I woke up in the middle of the night and couldn't get back to sleep, too full of song ideas, I guess, from our first excited and shouty meeting for next year's Variety Show. Went downstairs for some yogurt and looked out the kitchen windows to find 4:00 a.m. wasn't night after all. The light in the sky was too beautiful and the yogurt, honey and blueberries too fortifying to try to sleep some more so I left Randy a message on my new iPhone, (woo-hoo!) and went out for a bike ride.

"Is this manic?" I wondered for a second as I bounced over unseen dips in the brick street, but no, it's just June, the month of white nights. My cousin Sally and I were in Russia, in St. Petersburg, for the beginning of summer back in the early nineties and I remember well how the light at ten o'clock at night fills you with energy and you stay up all night eating fried potatoes and drinking the smoothest vodka that ever flowed down your throat with your new instant Russian friends and your eyes may feel a little sore and sandy in the morning, but who cares, look at the light!

Kenilworth Boulevard makes a straight line to the lake. I can see a red glow at the end of the tunnel of tree branches arching over the street. Nobody on the roads, nobody. People, you have got to see this! I think at the silent houses.

There's more keeping me awake. I bought a book for my old friend Michele's birthday, but haven't sent it yet, even though I missed the day and keep getting more and more belated. But it's not really just a book, it's The Book, for me, at least, and holding a copy and reading passages feels like communion with the dearest of old friends. It's Peter Matthiessen's The Snow Leopard (and I just accidentally typed "Snot" instead of "Snow" which is important because I can get way carried away with goofy gravitas and silly solemnity when I'm trying to talk about My Favorite Book in the Whole Wide World...)

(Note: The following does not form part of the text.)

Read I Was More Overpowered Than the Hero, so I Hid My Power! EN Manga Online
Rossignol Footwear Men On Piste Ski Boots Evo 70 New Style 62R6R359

From the introduction by Pico Iyer:

The haunting beauty of the book--what comes to make it a modern classic--has relatively little to do with the fact that it describes a land (the Tibetan Plateau region of Nepal) that few travelers had seen in 1973....It comes, rather, from a rare mix of discovery and loss. The drama, the excitement of any classic record of an adventure comes from giving us the heart-pounding sense of traveling to some state, inner and outer, that few people have had the chance to see before; and yet what gives that a larger resonance here, and places it inside an elegant frame, is the sense, too, in every moment, that excitements fade, that everything moves on, that even the epiphanies and discoveries that seemed so exhilarating yesterday will soon be forgotten as the world flows on. You can't hold on to anything.


I've been thrilled and moved and changed yet again each time I've read The Snow Leopard, but it's the account of Matthiessen's journey off the Crystal Mountain that kills me every time. The journey out of the lofty place of insight, wisdom and discovery back to the filth and destitution of the suburbs of Katmandu, back to the inevitable disappointments that even an experienced practitioner of Zen tolerance can't avoid.

I try on a Zen edict as I'm pedaling down Kenilworth Avenue toward that red glowing sky at the end of the tunnel: "It doesn't matter." Catching sight of the elusive snow leopard, seeking insight instead of allowing it to come, capturing the moment instead of living it, even writing, none of it matters, does it?

It's an interesting idea but I come to a full dead stop when my mind, of course, flies to the children. I poked my head in their dark bedrooms this morning before I got on the bike. Mia lay in a hump in the middle of her bed, pillow abandoned, just her dear little head on the mattress. Like they used to sleep when they were babies in the crib. The Buddha's "desire is the source of all suffering" is a masculine concept. He was a man, after all. I cannot reject attachment. Don't want to. Perhaps I am just a tourist on the journey to enlightenment - I can't resist a peek at the gift shop. Might find a cute something or other to delight my little ones.